Dans son Essai, Locke explique le déploiement progressif de cet esprit conscient. S’opposant à la fois à la vision augustinienne de l’homme comme originellement pécheur et à la position cartésienne, selon laquelle l’homme connaît de manière innée les propositions logiques de base, Locke pose un » esprit vide « , une tabula rasa, qui est façonné par l’expérience ; les sensations et les réflexions étant les deux sources de toutes nos idées. Il déclare dans Un essai concernant l’entendement humain :
Cette source d’idées, chaque homme l’a entièrement en lui-même ; et bien que ce ne soit pas le sens, comme n’ayant rien à voir avec les objets extérieurs, cependant il y ressemble beaucoup, et pourrait assez correctement être appelé ‘sens interne’.’
Locke’s Some Thoughts Concerning Education est un aperçu sur la façon d’éduquer cet esprit. S’inspirant de pensées exprimées dans des lettres écrites à Mary Clarke et à son mari au sujet de leur fils, il exprime la conviction que l’éducation fait l’homme – ou, plus fondamentalement, que l’esprit est une « armoire vide »:
Je pense pouvoir dire que de tous les hommes que nous rencontrons, neuf parties sur dix sont ce qu’elles sont, bonnes ou mauvaises, utiles ou non, par leur éducation.

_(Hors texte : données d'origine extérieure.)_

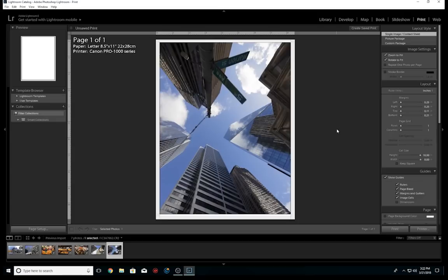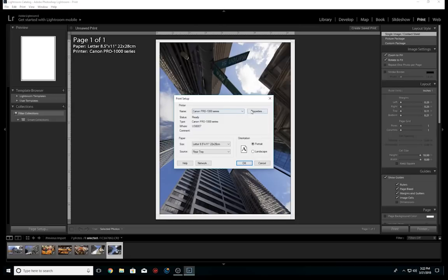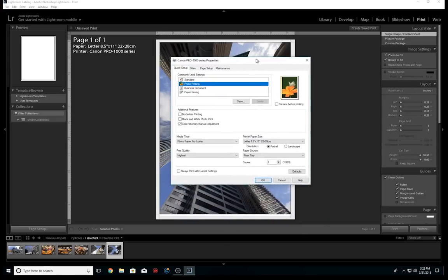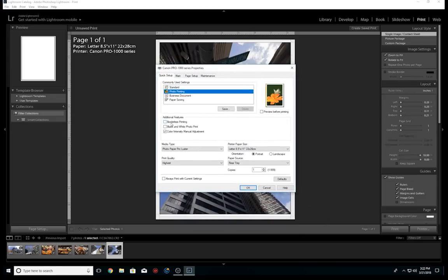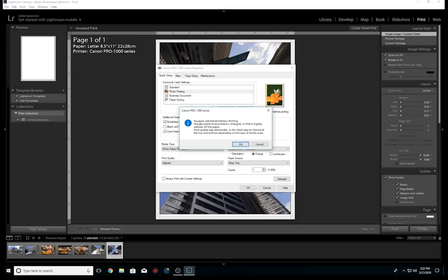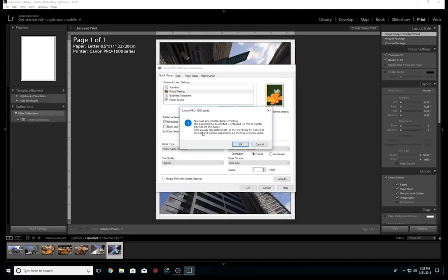Now there is a workaround, and this is the secret to this. We go to our page setup, we are using the Canon Pro 1000 for this demonstration, and we will click on properties and click on borderless. Now for those of you who wonder why this warning always seems to pop up every time we choose borderless printing, it's because they need to cover their you-know-what. You have selected borderless printing. The document to be printed is enlarged so that it slightly extends off the paper, meaning the edge of the paper. Print quality may deteriorate or the sheet may be stained at the top and bottom—that's leading and trailing edges—depending on the type of media use.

Locke écrit également que « les petites impressions presque insensibles de notre tendre enfance ont des conséquences très importantes et durables ». Il soutenait que les « associations d’idées » que l’on fait quand on est jeune sont plus importantes que celles que l’on fait plus tard parce qu’elles sont le fondement du moi ; elles sont, dit autrement, ce qui marque d’abord la tabula rasa. Dans son Essai, où ces deux concepts sont introduits, Locke met en garde contre le fait, par exemple, de laisser « une servante insensée » convaincre un enfant que « les lutins et les farfadets » sont associés à la nuit, car « les ténèbres amèneront toujours ensuite avec elles ces idées effrayantes, et elles seront tellement jointes, qu’il ne pourra pas plus supporter l’une que l’autre ».
Argument du rêve
Locke était critique de la version de Descartes de l’argument du rêve, Locke faisant le contre-argument que les gens ne peuvent pas avoir de douleur physique dans les rêves comme ils le font dans la vie éveillée.